The first Mother’s Day celebrations occurred in ancient Egypt, Rome, and Greece. In those days, people didn’t honor their human mothers. Instead, they held festivals in honor of goddesses. For example, the Greeks used the occasion to celebrate Rhea, the mother of many other Greek gods.
In seventeenth century England, Mothering Sunday was celebrated each year on the fourth Sunday of Lent (the 40 days of fasting before Easter). Christians honored the church in which they were baptized, known as their Mother Church. Mothering Sunday soon began to honor human mothers, too. British servants and employees who worked far from home received time off to visit their moms and share a family meal.
American colonists didn’t adopt the tradition of Mother’s Day, possibly because they were busy trying to survive in their new homes. The idea of celebrating Mother’s Day in the U.S. began with Julia Ward Howe, who became famous during the Civil War as the author of “The Battle Hymn of the Republic.” Howe thought wars were a waste of young men’s lives, and she called on mothers to protest the killing of their children in wars. In her Mother’s Day Proclamation, Howe wrote, “we women of one country will be too tender to those of another country to allow our sons to be trained to injure theirs.” In the 1870s, women’s groups in over a dozen American cities observed Howe’s holiday, but the idea didn’t really catch on until the following century.

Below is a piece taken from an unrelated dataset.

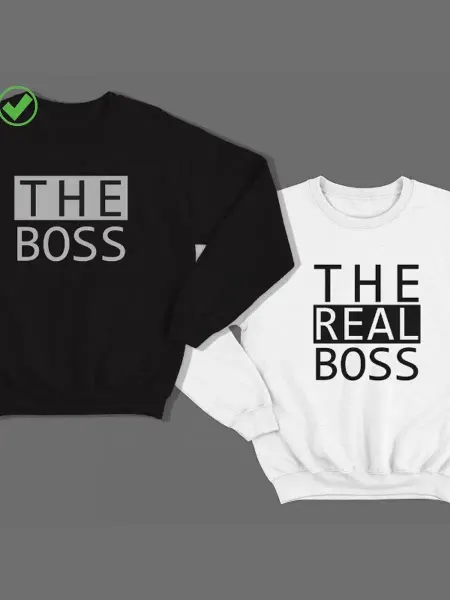 Sharp&Cut Парные свитшоты оверсайз толстовка черная с принтом boss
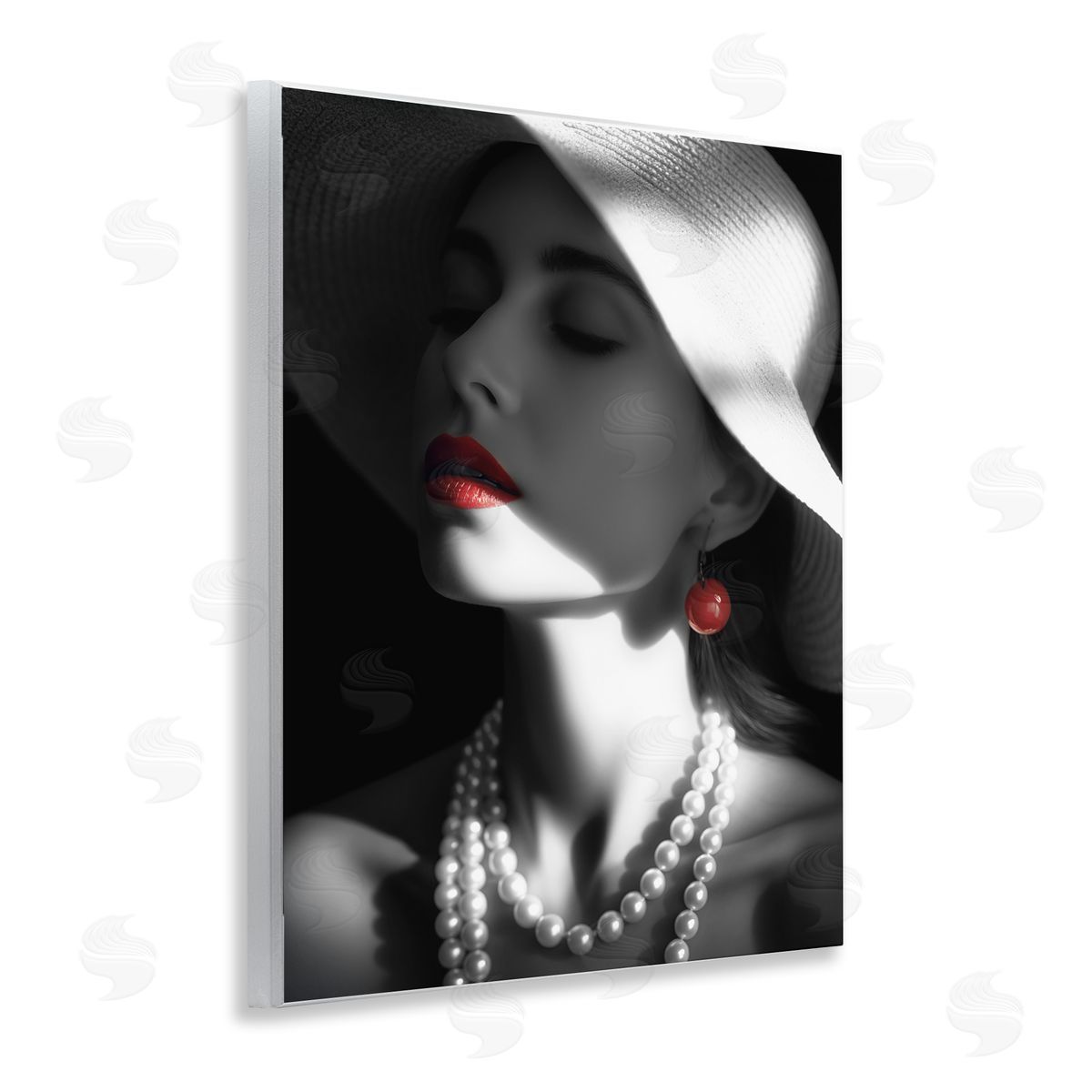 Red Lipstick Fashionista Wood Plaque Wall Art, Home Decor by Ziwei Li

In 1908, Anna M. Jarvis campaigned for an official Mother’s Day in memory of her own mother, an activist and social worker who hoped that the contributions of mothers would someday be recognized. Anna Jarvis was determined to make her mother’s wish come true. She petitioned the superintendent of the church her mother had attended and on May 10, 1908, the first official Mother’s Day celebration took place at a church service in Grafton, West Virginia. Jarvis gave carnations—her mother’s favorite flower—to each mother at the service. Later Jarvis and her supporters lobbied for the creation of an official Mother’s Day. In 1914 her dream came true when President Wilson declared the second Sunday in May as Mother’s Day.